August 1 , 2006

Dear Colleague,

    De Gaulle was a great admirer of Israel. As president of the Fifth Republic, he sent military hardware--Mirage IIIs, tanks, helicopters, and patrol boats--to Israel. He did so, no doubt, for geopolitical reasons, but also because of his admiration for Ben Gurion, the Israeli prime minister. Of him, De Gaulle wrote: "David Ben Gurion came to see me more than once. I had developed an immediate liking and respect for this doughty warrior and champion. He was the personification of Israel, which he now ruled, having presided over her foundation and her war of independence. I could not fail to be attracted by the grandur of an enterprise which consisted in re-establishing an autonomous Jewis nation in a land that bore the traces of its fabulous history."

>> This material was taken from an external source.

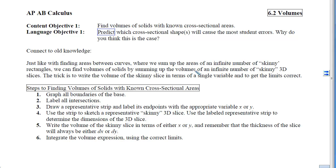This is Section 6-2, Volumes, and our first objective is to find volumes of solids with known cross-sectional areas. Before we get into the nitty-gritty of how we do this, it's important that you be able to visualize the solids.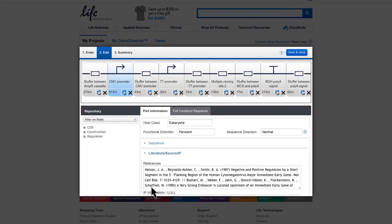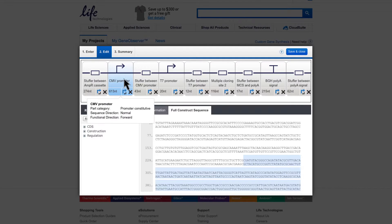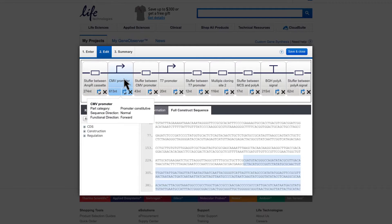You can also review the sequence for the whole construct by switching to the Full Construct Sequence tab within the Information pane. The sequence of the elements selected in the Construction pane will be highlighted within the sequence. Hovering over the elements within the Construction pane will also give you some information on the respective element.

    Now, that's starry-eyed admiration, isn't it? Can it be more whole-heartedly expressed? Nevertheless, De Gaulle added:

But while the existence of Israel seemed to me to be more than justified, I considered that a great deal of caution was called for in her handling of the Arabs. The latter were her neighbors, and would always remain so. It was at their expense and on their lands that Israel had set herself up as a sovereign state. In doing so, she had wounded them in their religion and their pride. For this reason, when Ben Gurion spoke to me of his plan to settle four or five million Jews in Israel, which could not contain them in her present frontiers, and revealed to me his intention of extending these frontiers at the earliest opportunity, I urged him not to do so... You have brought off a remarkable achievement. Do not overdo it now. Rather than pursue ambitions which would plunge the East into terrible upheavals and would gradually lose you international sympathy, devote yourselves to pursuing the astonishing exploitation of a country that was until recently a desert, and to establishing harmonious relations with your neighbors (Jean Lacouture, De Gaulle, p. 436)

    American politicians over the entire political spectrum say that the root problem of violence in the Middle East lies in the existence of Hamas in Palestine and Hezbollah in Lebanon. Surely, the root goes deeper than that? De Gaulle's prognostication of troubles to come seems to me far more deeply rooted. Support for Israel is America is total, no matter what Israel does. Hilary Clinton is reported to have said that, for her, the two captured Israeli soldiers might as well be American soldiers, so deeply does she identify with them. There are times when I wonder whether the USA is an independent country, with a foreign policy of her own. In America, I have heard thus far only one small, lone voice raised in protest against the overwhelming use of force in Lebanon, and it comes from the Jewish Committee for Peace and Justice in Milwaukee. So there you are! That which gives Israel--the idea and ideal of Israel--its unsurpassed moral grandeur is not totally dead.